I’m back to sewing masks. I think we will soon run out of Greek letters to distinguish each SARS-COV-2 variant that keeps popping up every month. We now have Lambda, which was first detected in Peru and has now infiltrated 30 countries. So the future masks that I will finish would have a long time of service, unfortunately.
Today was a bit terrible. That interview I did at 5 pm got me triggered. The interviewee was nice and all, nothing was wrong with him and I got everything I needed for a story but at the same time he was all wrong. Very wrong.
He was same age as J, from J’s country of birth (when I thought my interviewee was from somewhere else), migrated to the same country where J migrated at a young age too. Same state and same city. He was relating his history because I asked why he built up his company in this particular segment. Then he told the same backstory of being compared to the neighbor academically, strict upbringing, going to xxx university for pre-med but dropped to go into military. Had a younger brother who went into law school but ended up in MIT. The two of them formed a company in Asia, sold it to a PE and the proceeds allowed them to run a family office investing in two sectors and then they also founded another start-up and now doing a capital growth fundraise. That’s how I ended up interviewing him.
He was so talkative that in 1.5 hrs he already related his political views and the racism he experienced growing up in the same city as J. He said stones were thrown at him when he was a kid and was often told to go home to China. He said, “I shot back and said I am not Chinese, I am xxx and I live in this country.” He said the same thing as J said, that Asians are invisible and are at the bottom rung when it comes to large ethnic groups.
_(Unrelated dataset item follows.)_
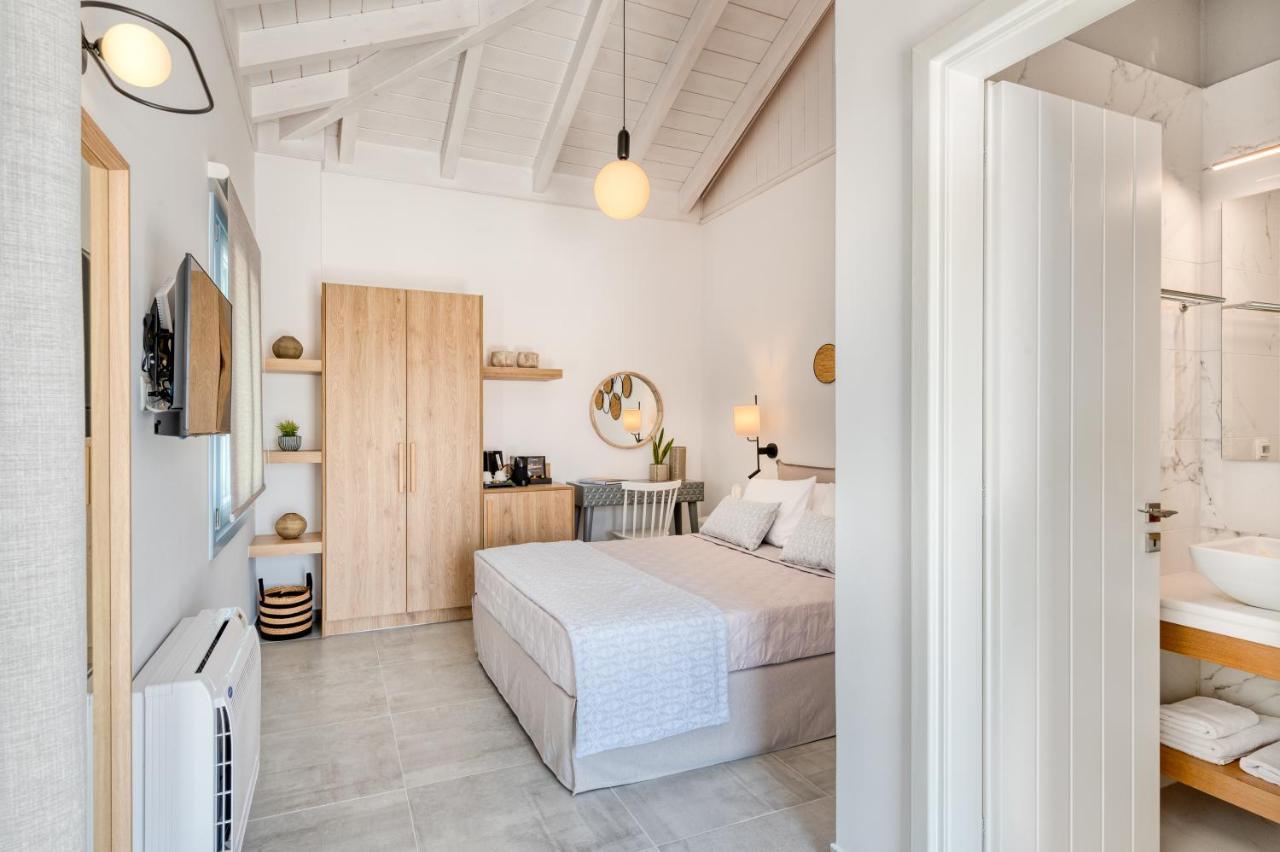 Отель Lumiere Spetses Экстерьер фото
Just as I was getting successful in forgetting and moving on, I suddenly slipped and fell and was back to square one. This interview triggered the memories of J telling me all those stories. Of memories of J.
Stop it. He has forgotten about you. He doesn’t like you. He lied to you about many things. He took you for an idiot. He’s a terrible person. Don’t go back into that dark pit again. Just stop.
So now I’m back to sewing while watching/listening to Youtube to take my mind off everything. I wish I can hold the fort and not crumble.
It is a heavy Monday. I was drowning in work. I again forgot to have lunch and only remembered to eat at 3 pm.
Then I said goodbye to a friend and colleague who has begun sleeping to never wake up.
How do you say goodbye to someone who is dying? What do you say? I was at a loss for words but I knew I needed to say something. His family says he still can hear as hearing is the last of the senses to go before one crosses the rainbow.
So we sent our recorded voice messages via FB Messenger or email. I told him I hope he realizes how much we love him and appreciate how he touched our lives. That I know he will continue fighting for our rights as journalists, as human beings. That he shouldn’t worry because we will carry the torch after he moves on, that we will fight his fight, that the fight will continue.
I always jokingly post on FB that I need him to keep me company trolling the trolls on Twitter.
I told him I hope he is no longer hurting and that he is happy with what he has now and what he has accomplished.